● Work to complete:
Once the pictures are set aside, retype the remaining entries exactly.

● Records for this exercise:
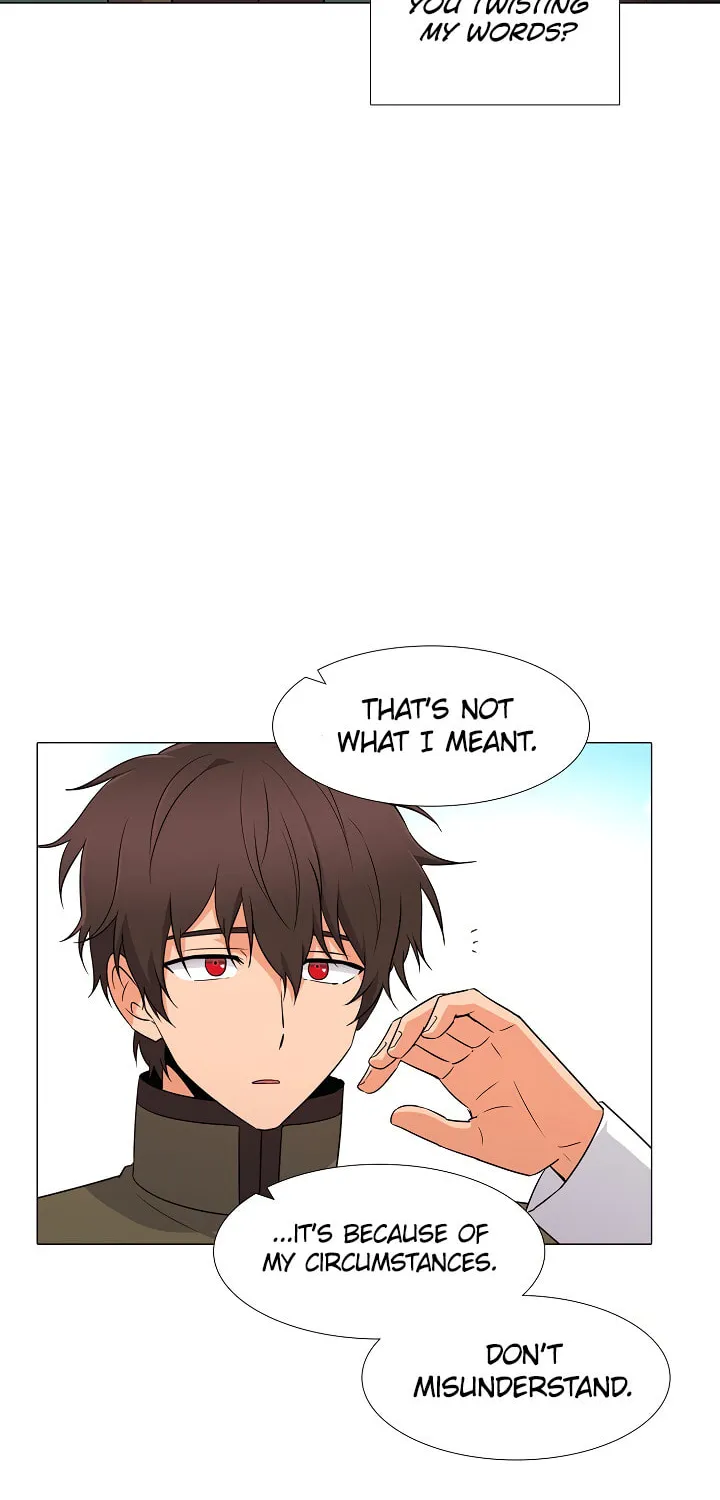 Caught by the Villain Chapter 4 page 88 - 
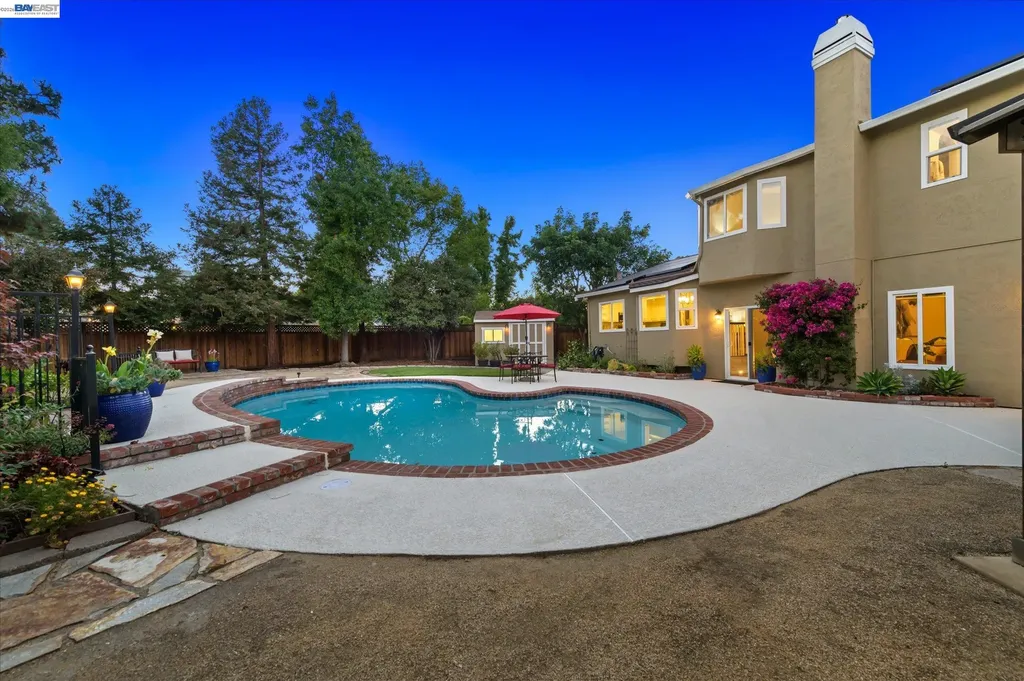 4183 Hall Court Pleasanton CA 94566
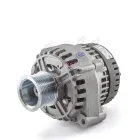 7762.3771-08 Генератор 28в КАМАЗ с дв. ЕВРО-3, ЕВРО-4 (10-ручьевой шкив) ELTRA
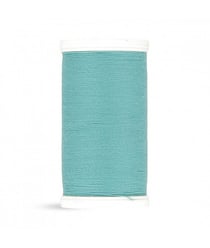 Fil à coudre Lazer Polyester 100M Universel - 200 nuances disponibles Bleu (2240)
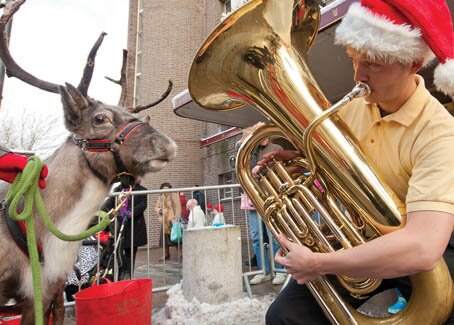 Hope Street Christmas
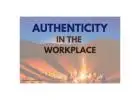 Authentic Communication in the Workplace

● Finished exercise:
 Caught by the Villain Chapter 4 page 88 - 
 4183 Hall Court Pleasanton CA 94566
 7762.3771-08 Генератор 28в КАМАЗ с дв. ЕВРО-3, ЕВРО-4 (10-ручьевой шкив) ELTRA
 Fil à coudre Lazer Polyester 100M Universel - 200 nuances disponibles Bleu (2240)
 Hope Street Christmas
 Authentic Communication in the Workplace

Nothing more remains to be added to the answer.